Examples of different types of cancer that may be detected using the compositions, methods and kits of the present invention include apudoma, choristoma, branchioma, malignant carcinoid syndrome, carcinoid heart disease, carcinoma e.g., Walker, basal cell, basosquamous, Brown-Pearce, ductal, Ehrlich tumor, in situ, Krebs 2, merkel cell, mucinous, non-small cell lung, oat cell, papillary, scirrhous, bronchiolar, bronchogenic, squamous cell and transitional cell reticuloendotheliosis, melanoma, chondroblastoma, chondroma, chondrosarcoma, fibroma, fibrosarcoma, giant cell tumors, histiocytoma, lipoma, liposarcoma, mesothelioma, myxoma, myxosarcoma, osteoma, osteosarcoma, Ewing's sarcoma, synovioma, adenofibroma, adenolymphoma, carcinosarcoma, chordoma, mesenchymoma, mesonephroma, myosarcoma, ameloblastoma, cementoma, odontoma, teratoma, throphoblastic tumor, adenocarcinoma, adenoma, cholangioma, cholesteatoma, cylindroma, cystadenocarcinoma, cystadenoma, granulosa cell tumor, gynandroblastoma, hepatoma, hidradenoma, islet cell tumor, leydig cell tumor, papilloma, sertoli cell tumor, theca cell tumor, leiomyoma, leiomyosarcoma, myoblastoma, myoma, myosarcoma, rhabdomyoma, rhabdomyosarcoma, ependymoma, ganglioneuroma, glioma, medulloblastoma, meningioma, neurilemmoma, neuroblastoma, neuroepithelioma, neurofibroma, neuroma, paraganglioma, paraganglioma nonchromaffin, antiokeratoma, angioma sclerosing, angiomatosis, glomangioma, hemangioendothelioma, hemangioma, hemangiopericytoma, hemangiosarcoma, lymphangioma, lymphangiomyoma, lymphangiosarcoma, pinealoma, carcinosarcoma, chondrosarcoma, cystosarcoma phyllodes, fibrosarcoma, hemangiosarcoma, leiomyosarcoma, leukosarcoma, liposarcoma, lymphangiosarcoma, myosarcoma, myxosarcoma, ovarian carcinoma, rhabdomyosarcoma, sarcoma (Kaposi's, and mast-cell), neoplasms (e.g., bone, digestive system, colorectal, liver, pancreatic, pituitary, testicular, orbital, head and neck, central nervous system, acoustic, pelvic, respiratory tract, and urogenital), neurofibromatosis, and cervical dysplasia.

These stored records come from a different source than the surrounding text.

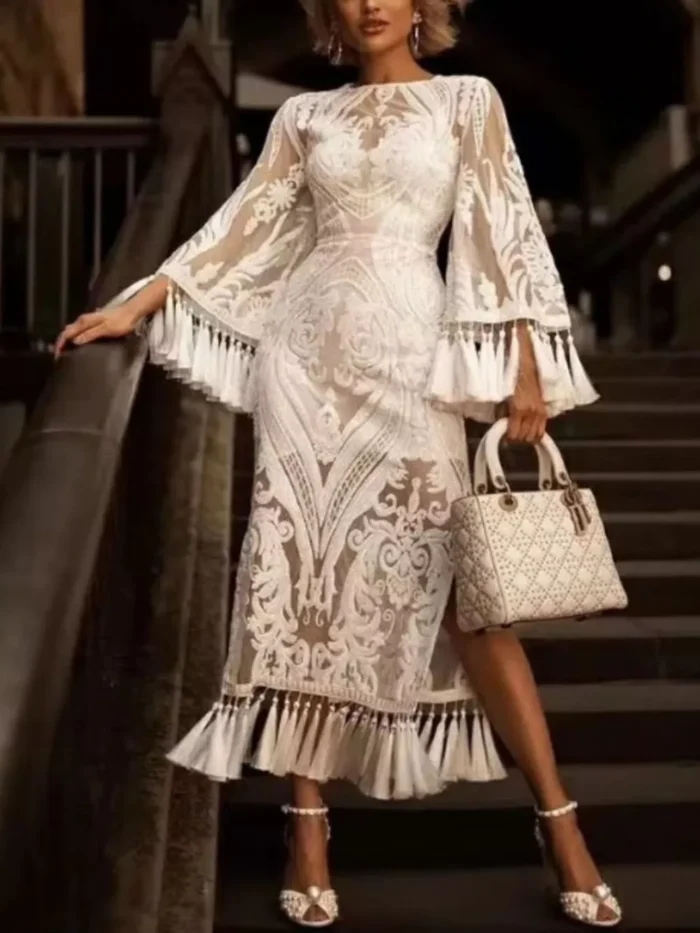Full Size Tassel Hem Lace Flare Sleeve Dress Plus Size Full Size Tassel Hem Lace Flare Sleeve Dress Plus Size - Image 1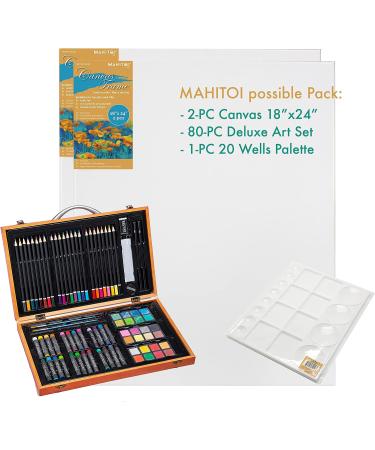 MAHITOI 18x24 Cotton Stretched Canvas Double Primed Gesso Wooden Frame - Ideal for Acrylic & Oil Paints - Acid-Free White Blank Canvas - Medium Weight - Art Collection A10 - Buy Online on GoSupps.com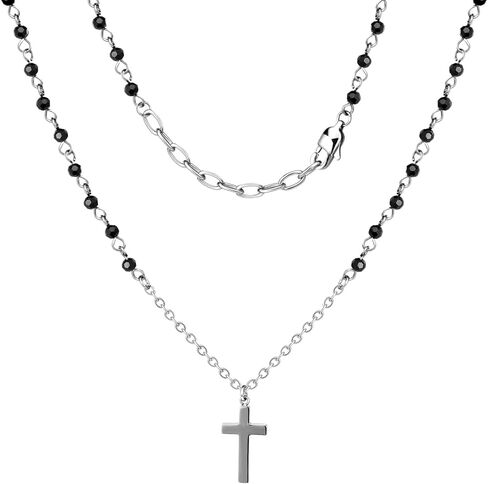 Silver Plated/Gold Plated Long Necklace Cross Necklace for Women Dainty Bead Chain Necklace Virgin Mary Necklace Women's Necklace Jewelry Birthday Valentines Anniversary Necklace for Girlfriend in Saudi Arabia
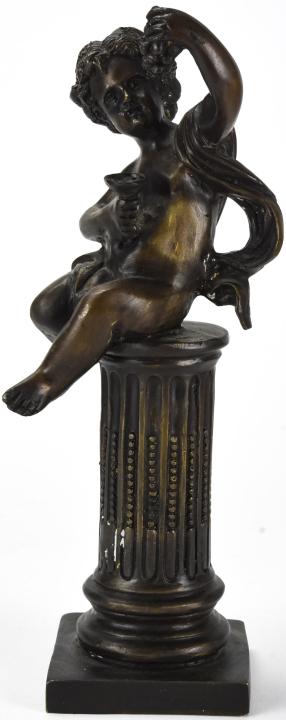 Neoclassical Bronze Statue of Bacchus: Neoclassical Bronze Statue of Bacchus / Cult of Bacchanalia. Young boy holding goblet and grape cluster measures 11.5 inches in height.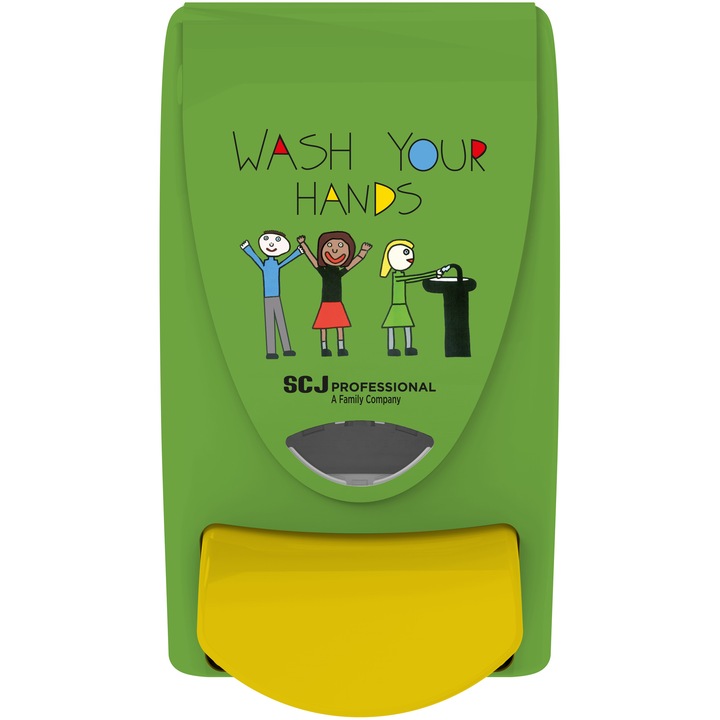 SCJP Proline nyomógombos szappanadagoló kézmosó patronokhoz Wash Your Hands grafikával óvodai és iskolai mosdókba, manuális, 1L, ABS műanyag, zöld/citromsárga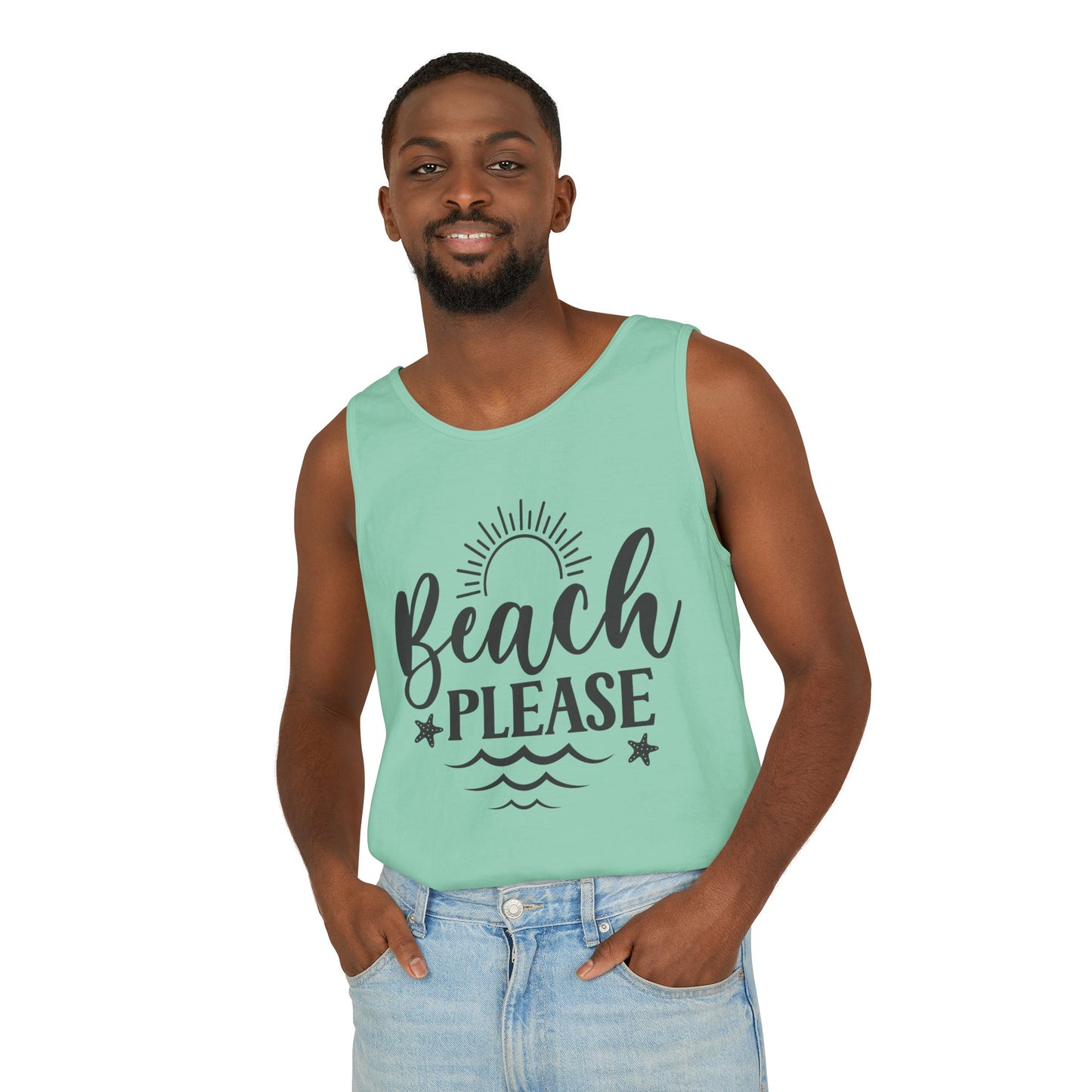 "Beach Please" Unisex Garment-Dyed Tank Top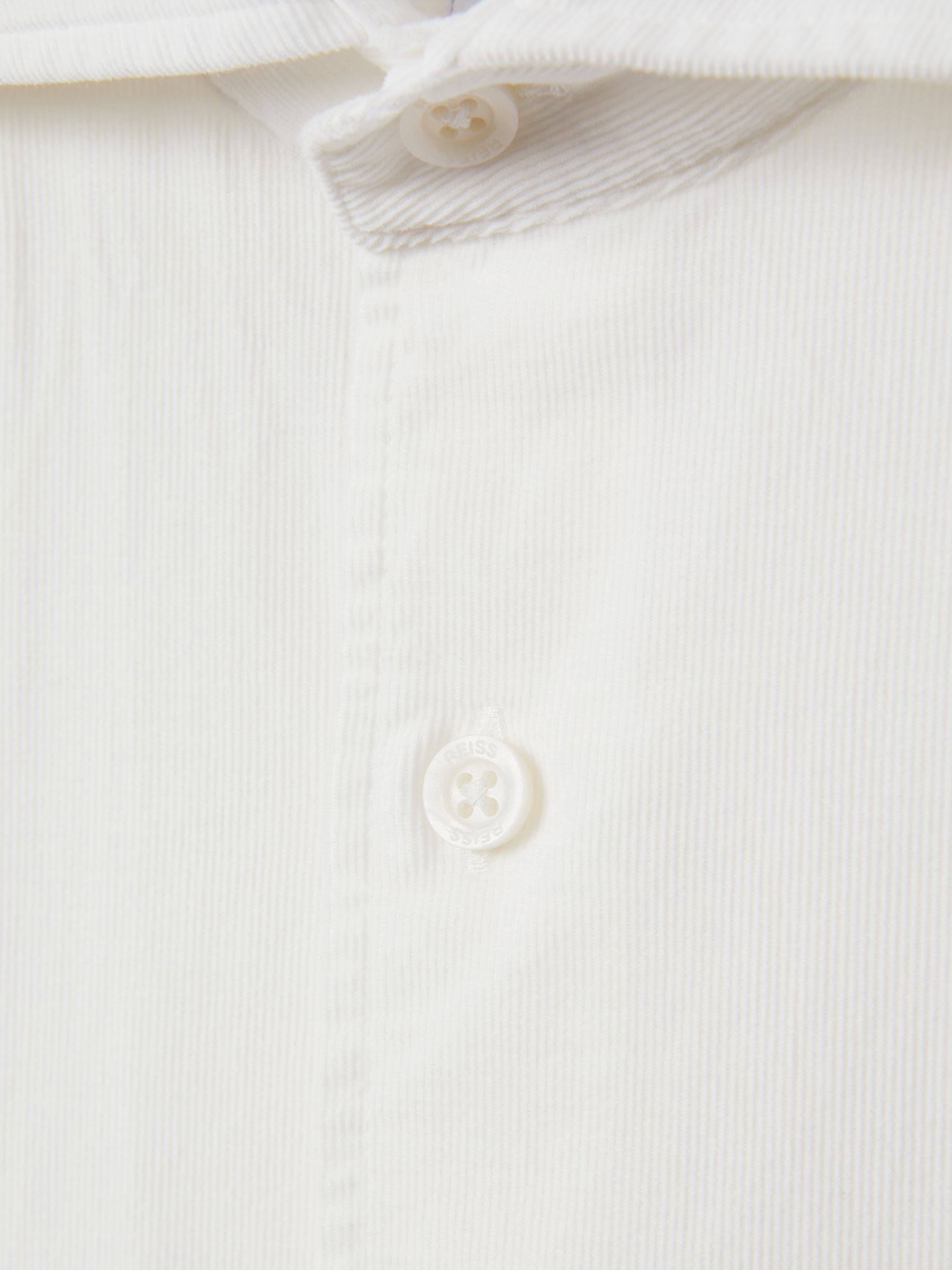 Corduroy Cutaway Collar Shirt in Off White - Image 6 of 6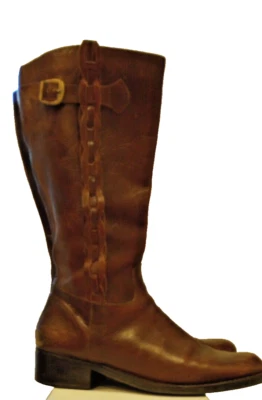 Nicole Leather Riding Boots. Equestrian Brown with braided sides. Made in Brazil - Image 1 of 4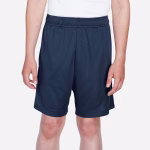 Team 365 youth performance shorts front view in navy color showing team fit and seven-inch inseam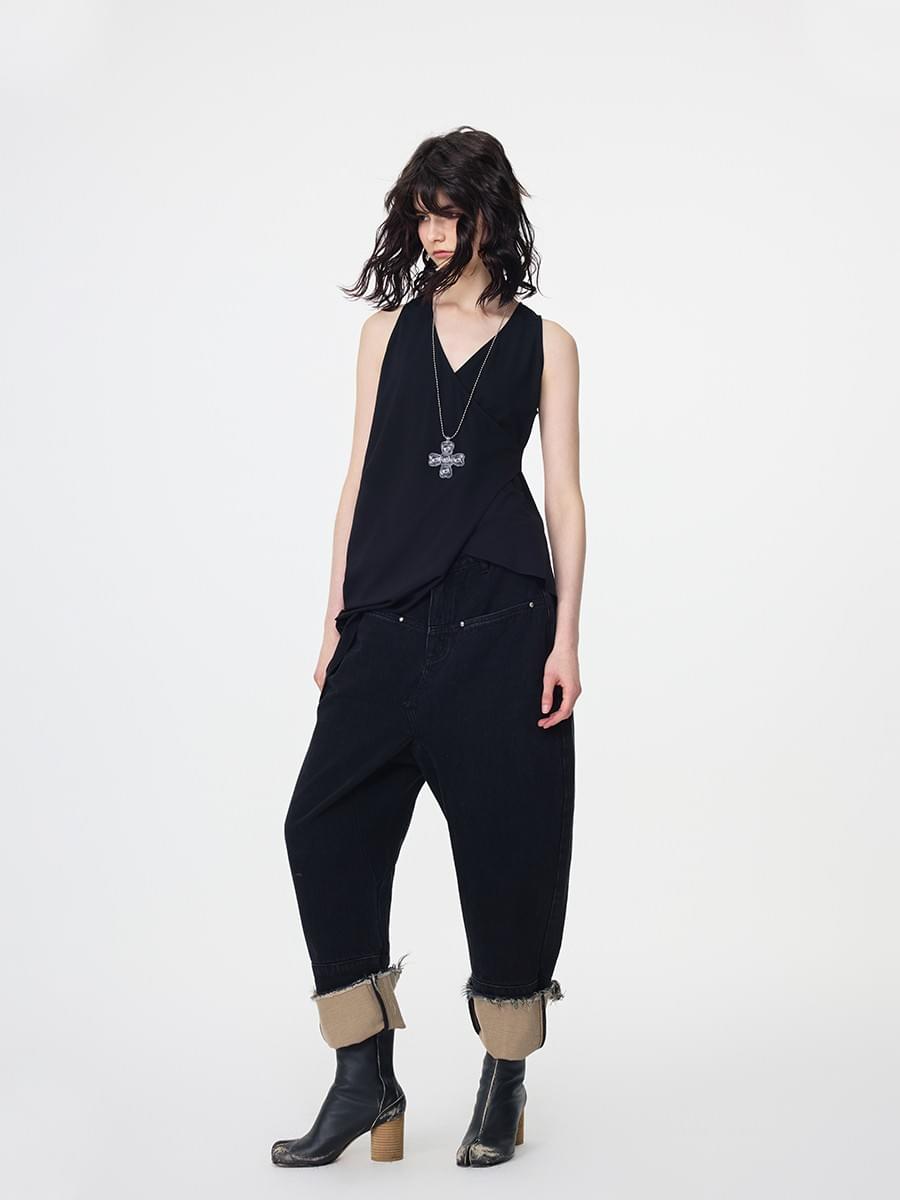 TOKOKKINO* Irregular Double-Layer Vest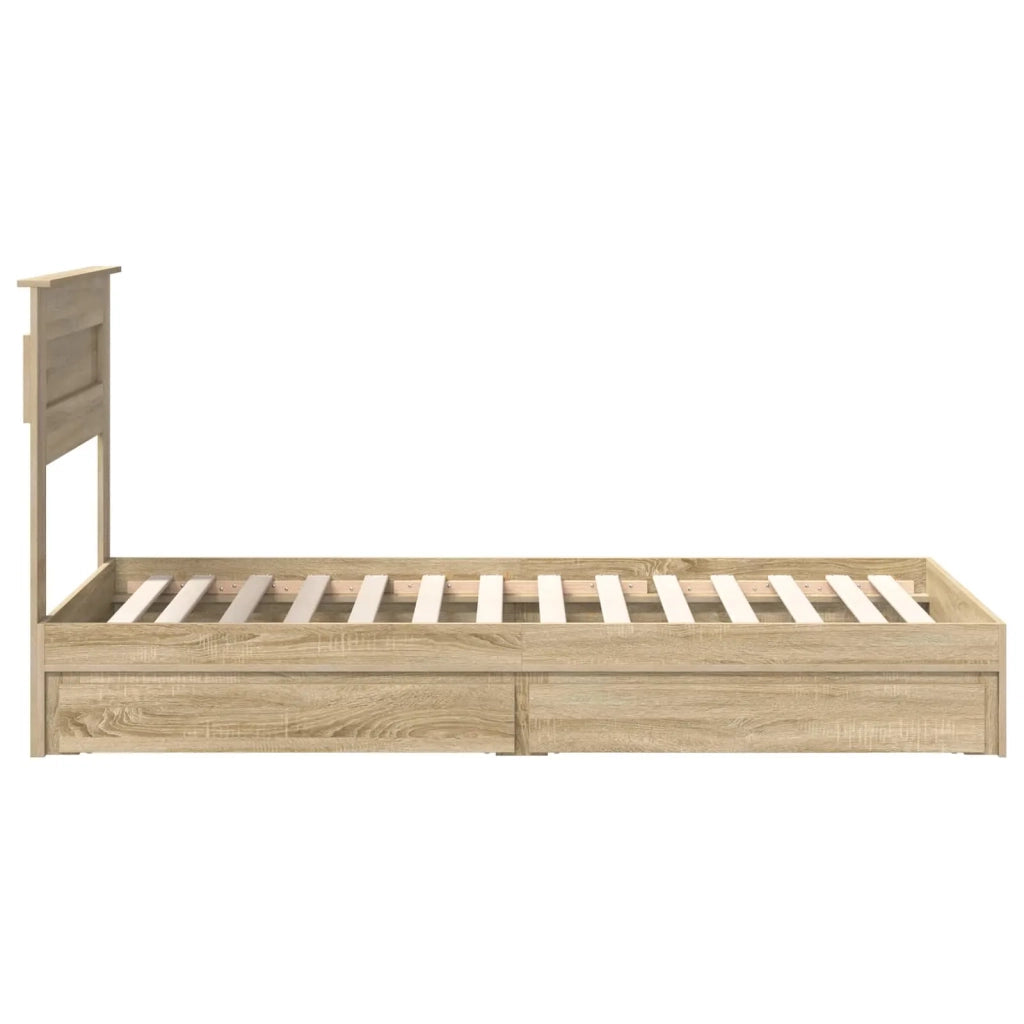 Letto con Contenitore con testiera-Struttura Letto con contenitore Rovere Sonoma 90 x 190 cm 573423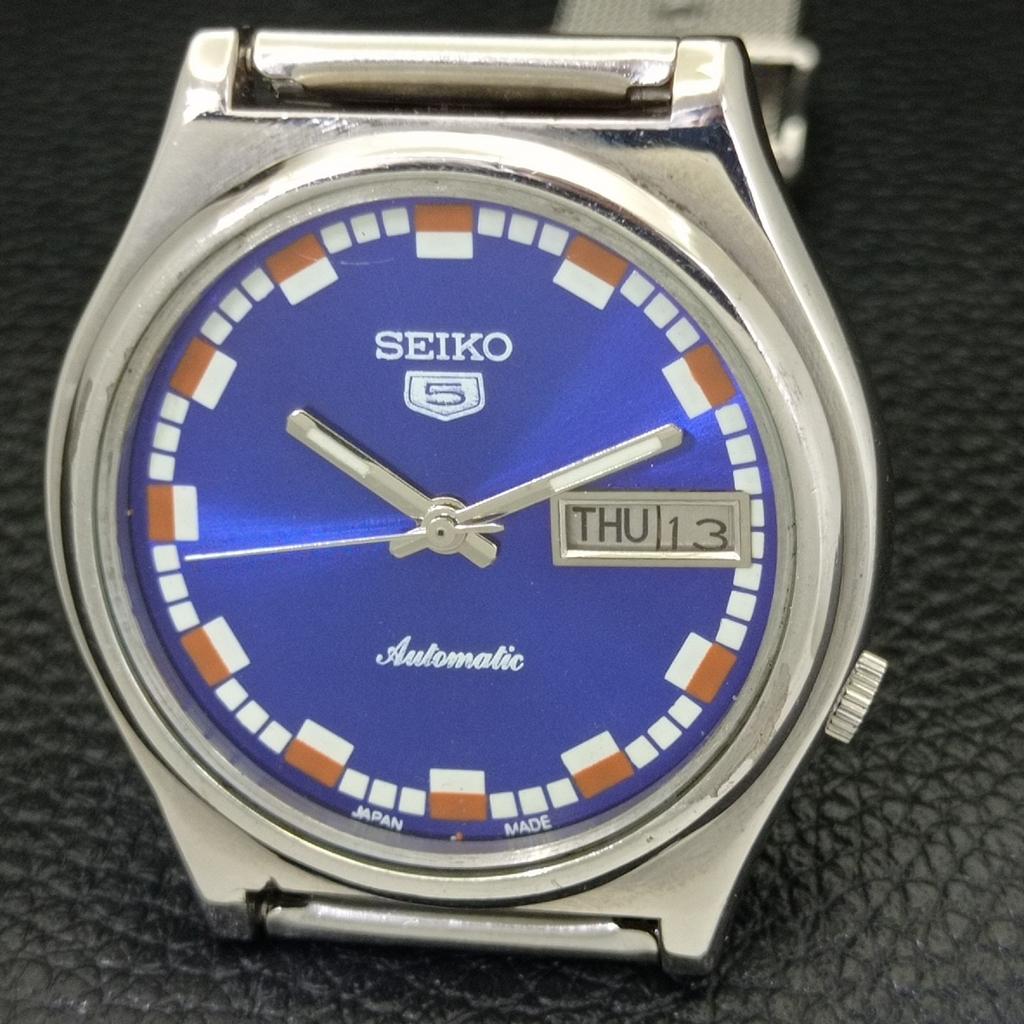 AUTOMATIC VINTAGE SEIKO 5 JAPAN 7009A MENS BLUE COLOR DIAL WATCH A701362-5 R206a-a701362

The present invention is not limited to the detection of circulating epithelial cells only. Endothelial cells have been observed in the blood of patients having a myocardial infarction. Endothelial cells, myocardial cells, and virally infected cells, like epithelial cells, have cell type specific determinants recognized by available monoclonal antibodies. Accordingly, the methods and the kits of the invention may be adapted to detect such circulating endothelial cells. Additionally, the invention allows for the detection of bacterial cell load in the peripheral blood of patients with infectious disease, who may also be assessed using the compositions, methods and kits of the invention.
Several citations to journal articles, US patents and US patent applications are provided hereinabove. The subject matter of each of the foregoing citations is incorporated by reference in the present specification as though set forth herein in full.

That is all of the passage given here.